Assignment. All that should appear is the line containing "Vintage RJ Smith" and the lines after it in the records below, each reproduced exactly.

Information provided.
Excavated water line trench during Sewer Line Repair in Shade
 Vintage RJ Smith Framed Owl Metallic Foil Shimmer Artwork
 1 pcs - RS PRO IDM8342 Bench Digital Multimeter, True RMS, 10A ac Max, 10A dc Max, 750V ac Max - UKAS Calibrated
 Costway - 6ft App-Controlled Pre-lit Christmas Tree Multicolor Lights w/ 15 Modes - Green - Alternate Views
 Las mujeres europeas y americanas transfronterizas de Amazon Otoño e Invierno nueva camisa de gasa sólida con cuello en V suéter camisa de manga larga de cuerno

Written response.
 Vintage RJ Smith Framed Owl Metallic Foil Shimmer Artwork
 1 pcs - RS PRO IDM8342 Bench Digital Multimeter, True RMS, 10A ac Max, 10A dc Max, 750V ac Max - UKAS Calibrated
 Costway - 6ft App-Controlled Pre-lit Christmas Tree Multicolor Lights w/ 15 Modes - Green - Alternate Views
 Las mujeres europeas y americanas transfronterizas de Amazon Otoño e Invierno nueva camisa de gasa sólida con cuello en V suéter camisa de manga larga de cuerno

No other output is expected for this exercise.